Nous habitons aujourd’hui un espace double – matériel et cognitif. Désormais, pour presque deux milliards d’individus, nouer des amitiés, développer des relations professionnelles ou encore constituer un couple passe par Internet. Au fur et à mesure que les usages informatiques se démocratisent, la peur des risques de rupture du lien social associés à ces technologies cède progressivement le pas à une perspective qui met en évidence les potentialités « socialisantes » des technologies numériques. Il y a un Internet d’information, où l’on recherche les meilleurs prix pour les billets de train, où l’on vérifie les horaires des séances au cinéma. Mais il y aussi un Internet de communication. C’est l’espace où l’on échange des mails, on parle avec ses amis par clavier interposé, on partage de la musique et des photos avec des inconnus. Et cette communication est, justement, un fait social nouveau, une forme de coexistence assistée par les ordinateurs qui demande un regard nouveau de la part des artistes, des chercheurs et des décideurs politiques.
L’idée qu’Internet et ses technologies soeurs soient des outils froids, éloignés de l’expérience humaine est fausse. Internet est une technologie de la chaleur humaine. Les réseaux sociaux actuels traversent notre quotidien, les ordinateurs meublent nos maison, les smartphone collent à notre corps. Notre machinerie, pour reprendre les propos de Bruce Sterling, est presque arrivée “sous la peau”.
La miniaturisation des ordinateurs (initiée dans le deuxième après guerre) a engendré une reterritorialisation de ceux-ci, leur permettant petit à petit d’intégrer l’espace domestique. Le premier changement que cette miniaturisation a impliqué est donc celui de l’espace physique.
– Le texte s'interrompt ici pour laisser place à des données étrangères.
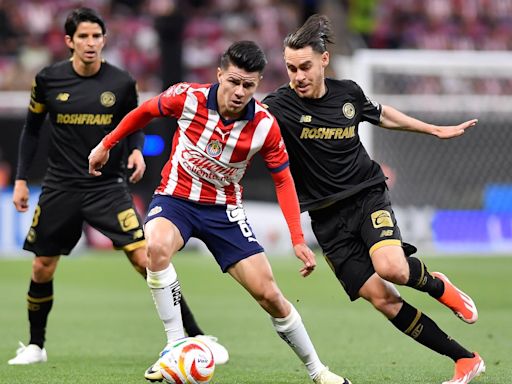 Chivas vs Toluca: Horario, canal, TV, cómo y dónde ver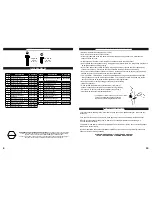 Preview for 13 page of Masterbuilt 20070213 Assembly, Care & Use Manual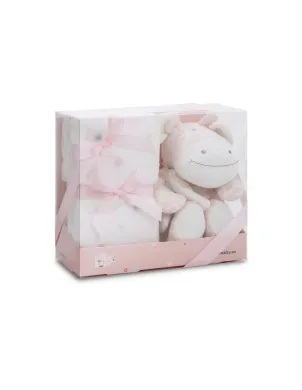 Peluche+ Manta Estrella Crochet Jirafa 2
L’agencement des pièces, des meubles, des chambres change avec l’arrivée de ce nouvel appareil électroménager qu’il faut installer, comme on a installé avant lui la radio ou la télévision. Mais il n’y a pas que l’espace domestique qui est bouleversé par l’arrivée de cet équipement : l’espace technologique de la maison l’est aussi avec l’arrivée d’un équipement dont le contenu technologique est par définition plus important que les autres, puisqu’il permet de tout faire (jouer de la musique, regarder des films, jouer, communiquer…). Enfin, ils ont également reconfiguré l’espace social. Pour les “enfants de l’ordinateur” des années 80, l’ordinateur a été l’occasion de s’autonomiser ou de resituer le rôle qu’ils avaient au sein de la famille. Il va de même pour la Génération Y d’aujourd’hui – les utilisateurs de Facebook et des autres médias sociaux.Rien de plus éloigné du mythe du cyberespace, colporté par nombre de théoricien du Web, passés et présents : connecté en ligne, tout internaute serait-il aspiré dans une « réalité virtuelle » ? Suite à la banalisation des bornes wi-fi et des interfaces informatiques, les usagers d’aujourd’hui se branchent à Internet comme ils se brancheraient à une prise électrique. Il devient alors clair que continuer à penser au Web comme à un espace transcendant par rapport à notre réel est une erreur d’évaluation lourde de conséquences théoriques et politiques.